Exercise objective:
Once the line with "1600 Woodpecker Street" is found in the entries below, print it and each following line exactly, stopping after the line with "Gia Lai: 5 cán"; print nothing else.

== Task material

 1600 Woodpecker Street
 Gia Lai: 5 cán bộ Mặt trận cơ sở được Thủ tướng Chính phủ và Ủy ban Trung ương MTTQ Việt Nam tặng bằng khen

====
== Task material

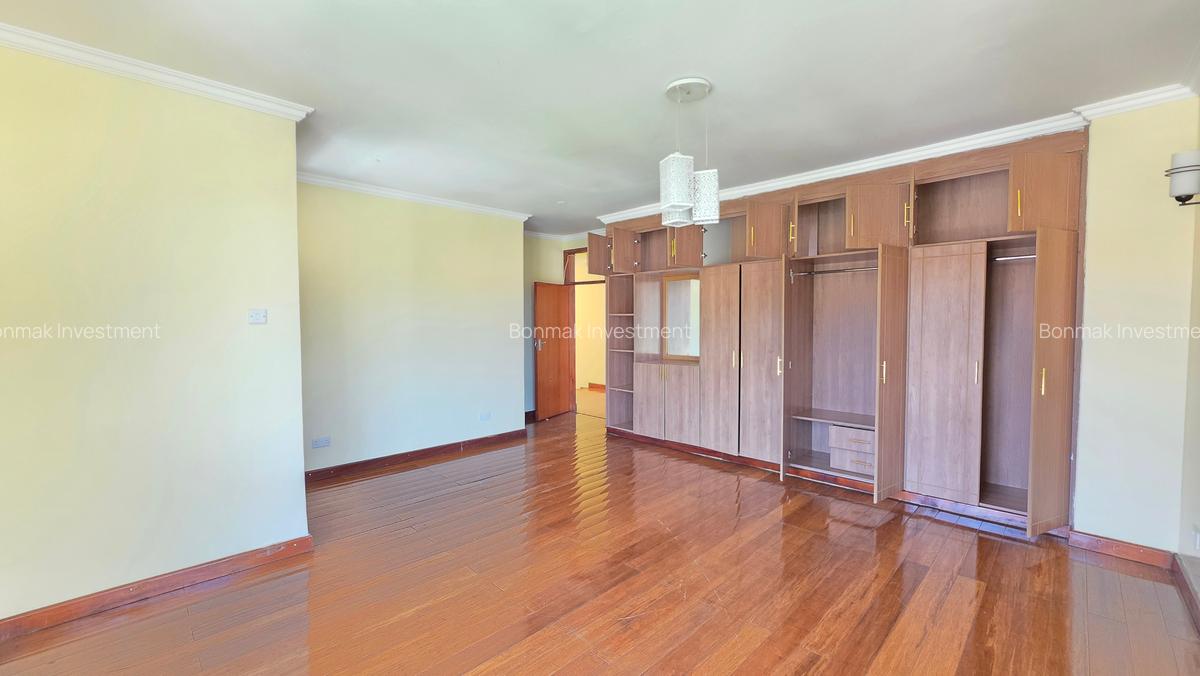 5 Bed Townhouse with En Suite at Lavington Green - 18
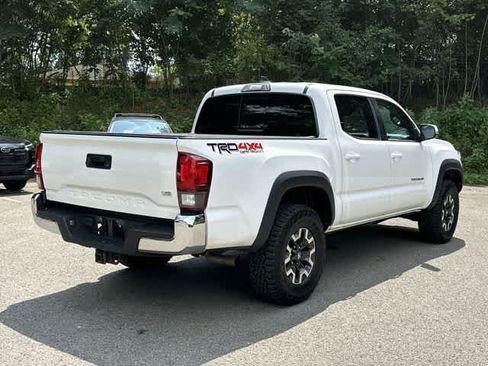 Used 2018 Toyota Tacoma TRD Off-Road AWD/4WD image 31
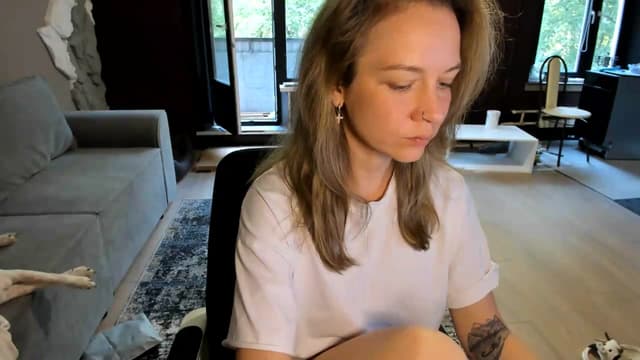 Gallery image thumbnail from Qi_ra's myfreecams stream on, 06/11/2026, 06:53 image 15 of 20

====
== Task material

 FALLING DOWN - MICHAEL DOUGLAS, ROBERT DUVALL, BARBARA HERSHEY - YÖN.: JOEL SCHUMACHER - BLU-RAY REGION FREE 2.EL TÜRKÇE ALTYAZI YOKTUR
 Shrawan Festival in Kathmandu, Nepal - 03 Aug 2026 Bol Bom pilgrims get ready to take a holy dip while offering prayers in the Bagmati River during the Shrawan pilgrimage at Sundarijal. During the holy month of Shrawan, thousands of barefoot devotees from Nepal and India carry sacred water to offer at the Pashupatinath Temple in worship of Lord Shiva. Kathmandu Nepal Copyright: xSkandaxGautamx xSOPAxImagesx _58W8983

====

Exercise response:
 1600 Woodpecker Street
 Gia Lai: 5 cán bộ Mặt trận cơ sở được Thủ tướng Chính phủ và Ủy ban Trung ương MTTQ Việt Nam tặng bằng khen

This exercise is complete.